Born to American missionaries in northern India, John Birch went to China in 1940 as an Independent Baptist missionary. Following Japan's attack on Pearl Harbor, Birch volunteered for the U.S. Army to fight the Japanese in China and was recruited by Claire Chennault, leader of the Flying Tigers and the U.S. 14th Air Force, as a field intelligence officer.

John Birch is better known today for what happened after he was shot and killed by Chinese Communist forces in the days immediately following Japan’s surrender. In the acrimonious debate over the "loss" of China, U.S. Senator William Knowland claimed that Birch was a martyr whose murder revealed the true intentions of the Communists. Thirteen years after Birch's death, a retired businessman from Boston named Robert Welch chose him as the figurehead of an anti-communist advocacy group, the John Birch Society.

In John Birch: A Life (Oxford, 2016)Terry Lautz, a longtime scholar of U.S.-China relations and director of the National Committee, unravels the mythology surrounding John Birch after conducting extensive archival research, interviewing Birch’s brothers, analyzing letters he wrote, and traveling to the places in China where he lived and died.

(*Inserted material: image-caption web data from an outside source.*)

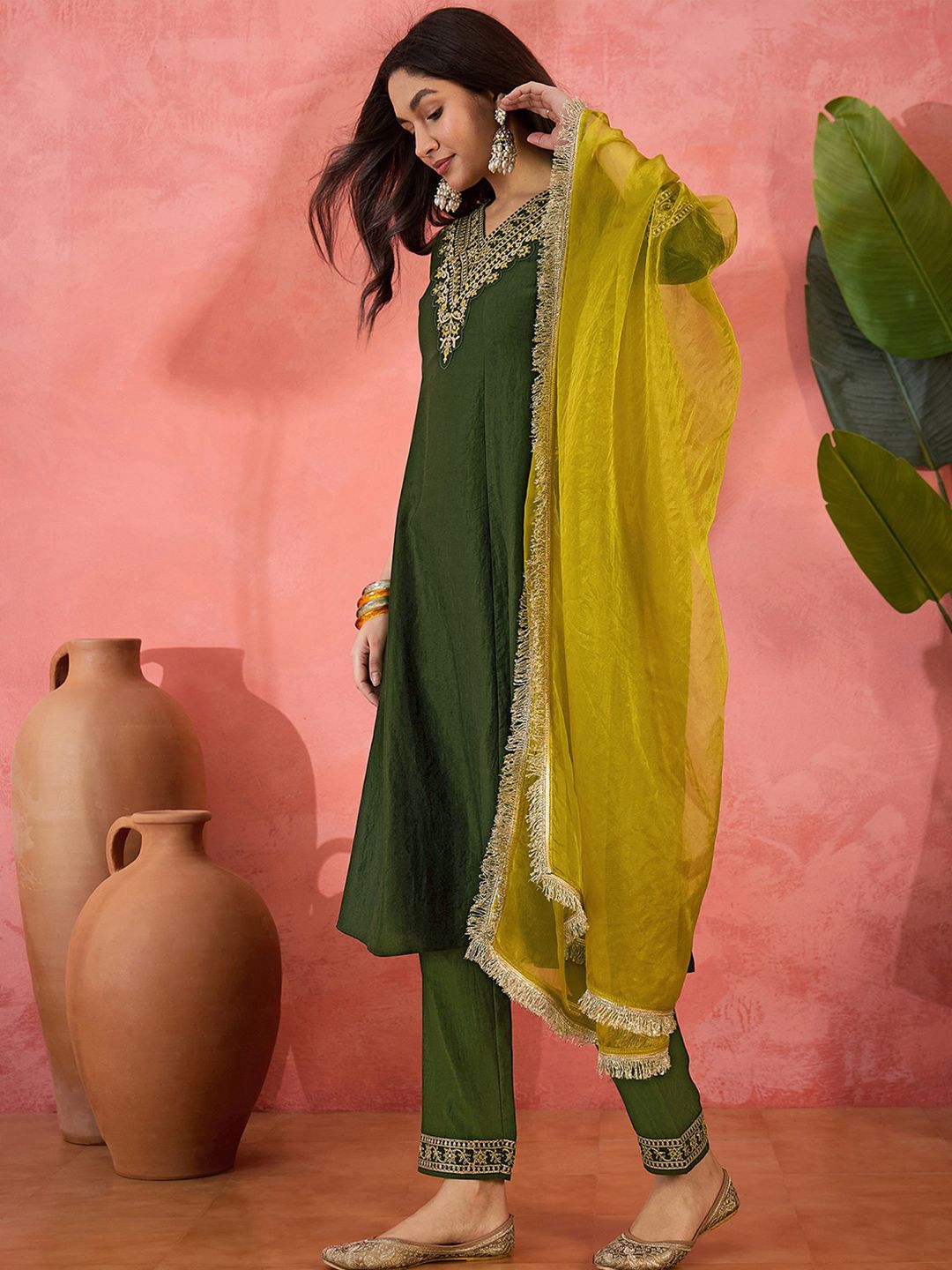 Dhiyona SN Women's Yoke Design V-Neck A-Line kurta & Trousers With Dupatta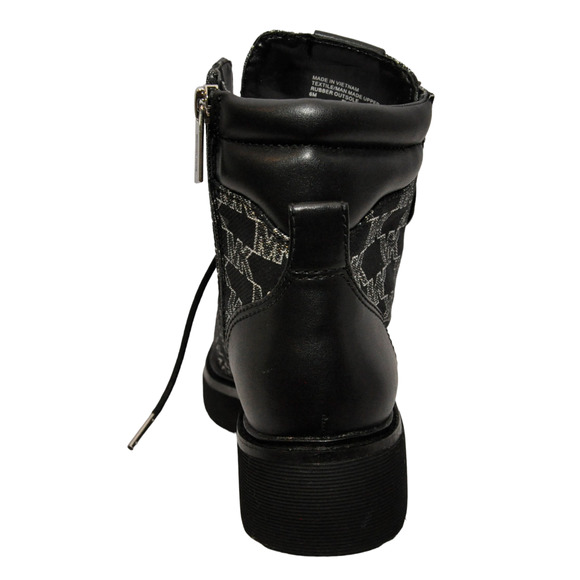 Michael Kors Trudy MK Signature Outline Jacquard Lace Up Boot Black Nib - Picture 4 of 5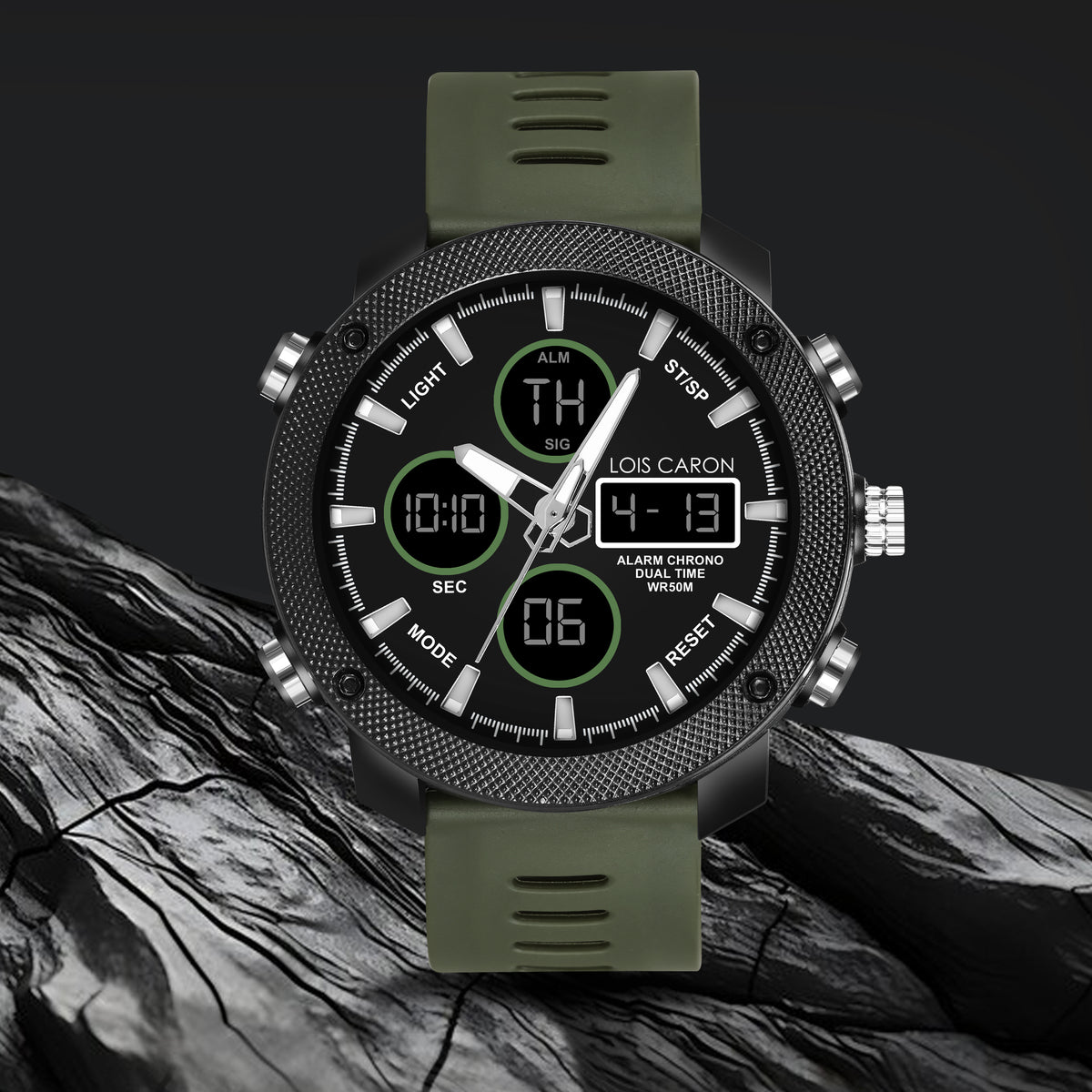 Analog-Digital Sports Watch: Chronograph, Dual Time, Alarm, Stopwatch, Water-Resistant, Shock-Resistant, Back Light Display- The Perfect Watches for Men LCDA8009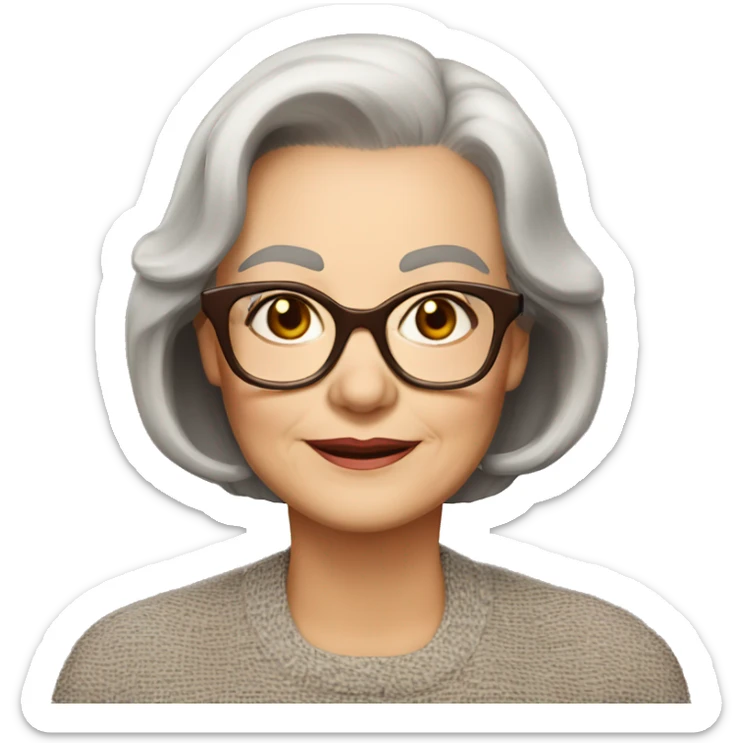 75 years old girl
Short brown hair with bob styling
light skin small square 
glasses with refined frame
Brown eyes with cat eye liner sticker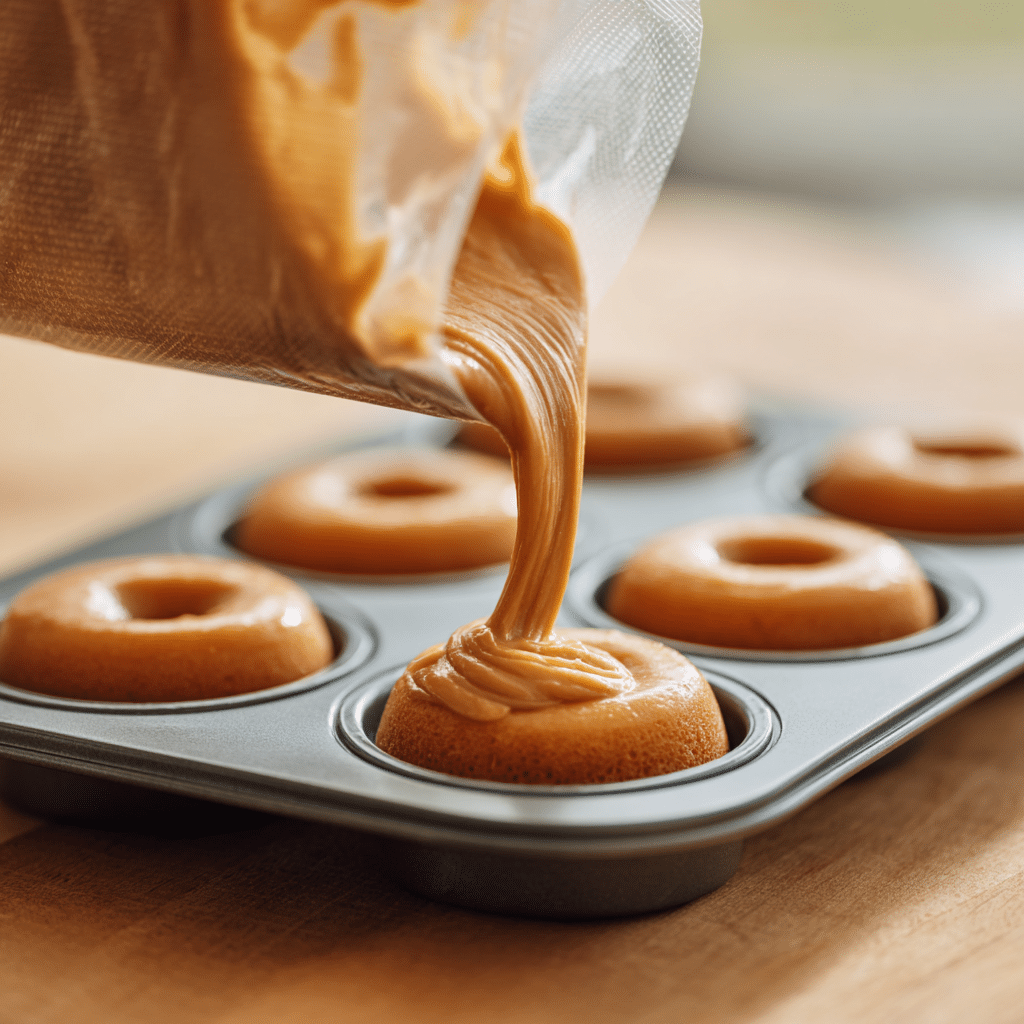 Pumpkin donut batter being piped into a donut pan using a zip-lock bag on a kitchen counter.”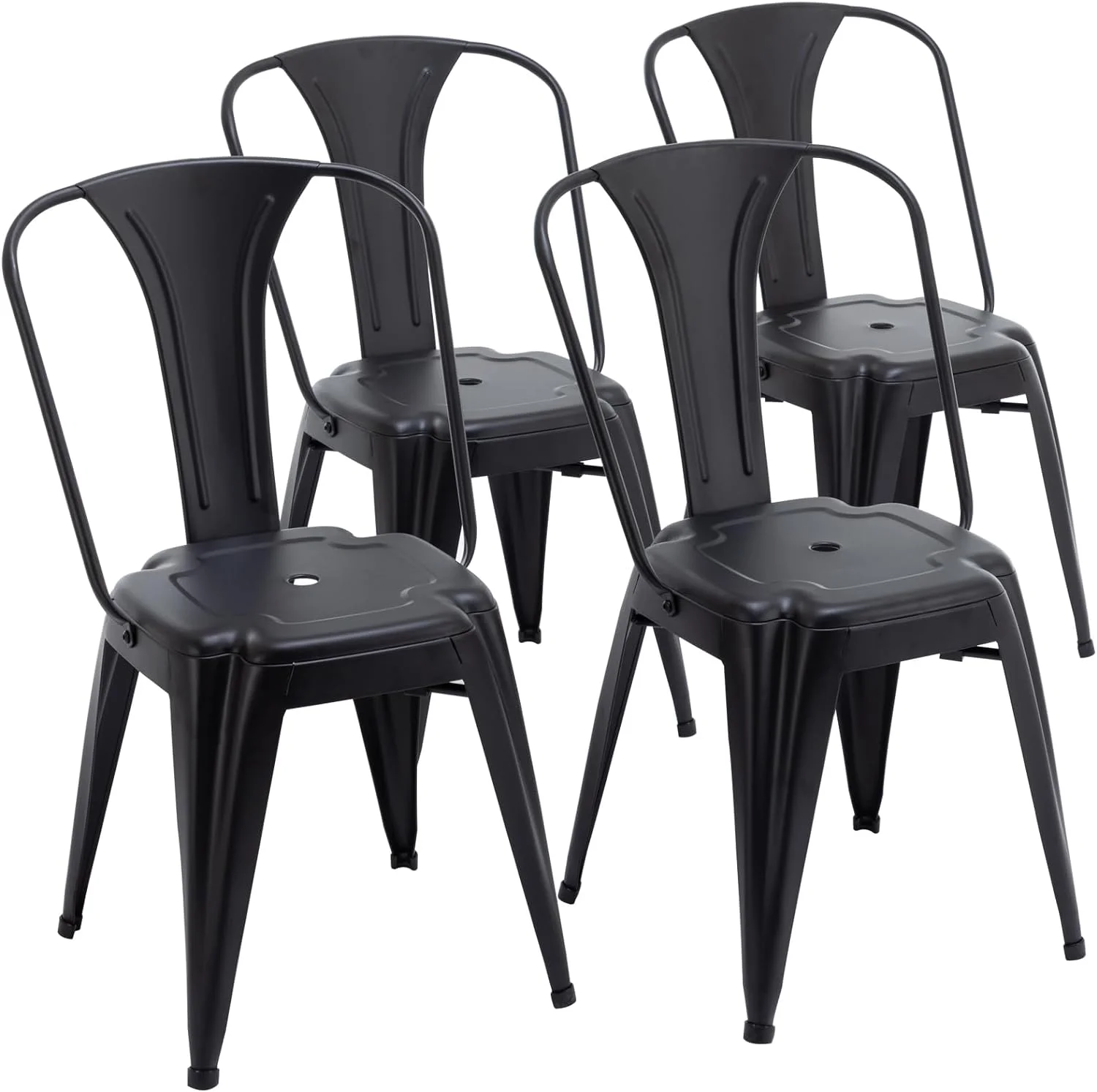 Metal Dining Chairs Set of 4 Stackable Industrial Chairs Metal Patio Chairs Kitchen Bistro Cafe Tolix Side Bar Chairs Indoor Outdoor, Black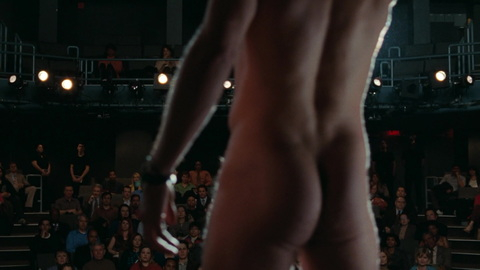 Actor on Stage from The Switch Naked. Butt, Shirtless, audience, back towards camera. 141011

In addition, Dr. Lautz explores the perception that John Birch is the personification of the longstanding American ambition to save and defend China. Terry Lautz discussed his book in an interview with National Committee Vice President Jan Berris on February 11, 2016 in New York City.

Dr. Terry Lautz is a Moynihan Research Fellow and interim director of the East Asia Program at the Maxwell School at Syracuse University. He is former vice president of the Henry Luce Foundation, a director of the National Committee on U.S.-China Relations, chair of the board of the Harvard-Yenching Institute, and member of the Council on Foreign Relations.